In the beginning of this year, the international NGO Oxfam astounded many observers by noting that the two richest Canadians had a combined wealth equal to the collective bottom 30 per cent of Canadians, or 11 million people.
Those two individuals reflect the broader problem quite accurately. The fact that the top 100 richest Canadians are each worth more than $1 billion is confounding when we consider the struggles of homelessness and food banks, in addition to issues that extend well into the middle class: Ontario’s compromised health-care system, unaffordable housing, soaring tuition costs and a job market that lacks the opportunities afforded in the post-Second World War golden age of capitalism.
If Scrooge was around, he’d celebrate the fact families can’t afford a second kid because of child-care costs. The miser would probably refer to his cheap “surplus population” line.
Such inequality leads to a state in which much of the population reasonably desires (and needs) more money, while sometimes falling prey to a popular fantasy: more money equals more happiness. Here, Charles Dickens’ A Christmas Carol is timely because it rejects that over-simplistic myth. The abhorrent Scrooge had enormous financial wealth, but was in dire poverty when it came to happiness.
Being wealthy and not happy hardly clashes with the conclusions that many psychologists (and social scientists) have reached. Many who have studied the re- lationship between money and happiness have concluded that after a certain point, more wealth doesn’t lead to more smiling.
In one study, prominent scholars Daniel Kahneman and Angus Deaton concluded that “high income buys life satisfaction but not happiness.” Additional studies have concluded that spending money on others supports individual happiness.
Moreover, the joy experienced by Tiny Tim shouldn’t be overlooked.

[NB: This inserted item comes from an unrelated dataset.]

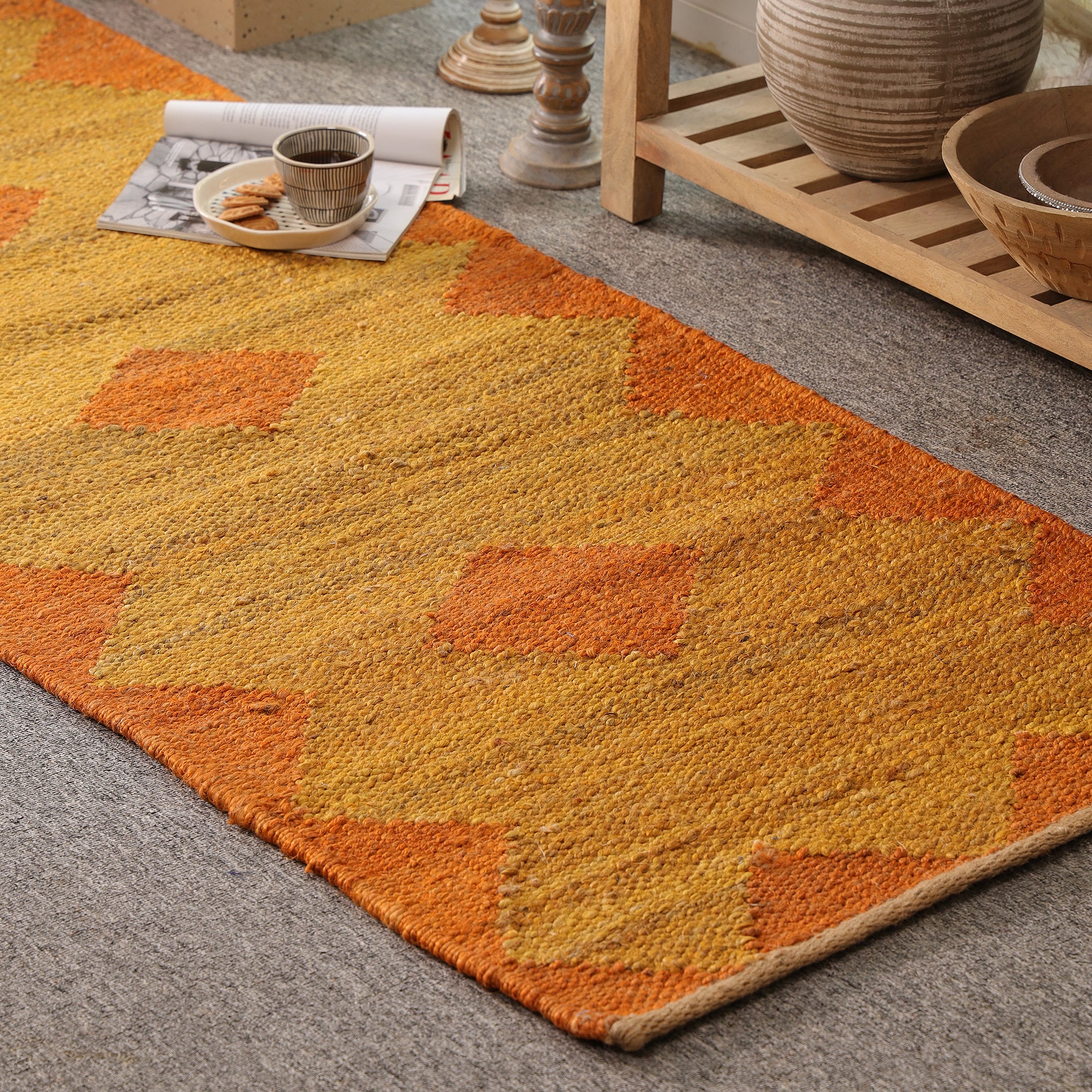 Handwoven Jute Area Rug – Mustard & Orange Geometric Pattern | Eco-Friendly Boho Living Room Carpet | RugzCraft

In Dickens’ story, both the crippled boy and his family are happy despite barely being able to meet essential needs. It would be easy to find armies of social psychologists to explain away this happiness based on strong and meaningful relationships.
These are the very types of relationship that a transformed and philanthropic Scrooge rediscovered after being haunted. No doubt his transformation was romantic, though good deeds from the wealthy are not idealistic. In the real world, we can undoubtedly find wealthy people who are using their power to carve more justice on this planet.
But as a group, the ghost of Dickens’ classic novel would indict today’s super rich, not only because we have entered into a state of inequality not seen since the Gilded Age (i.e. late 19th century).
A Christmas Carol reminds us that Canada needn’t be haunted by the tribulations of homelessness, food banks and the like, simply because of the abundance of our wealth.
In a country rich with natural resources, incredible human talent and individuals who possess a level of wealth that even the pathological Scrooge couldn’t have fathomed, the unnecessary evils of our time should have never been born, let alone allowed to exist.
Thus the moral of this story: If Scrooge could ultimately transform, surely Canada can improve.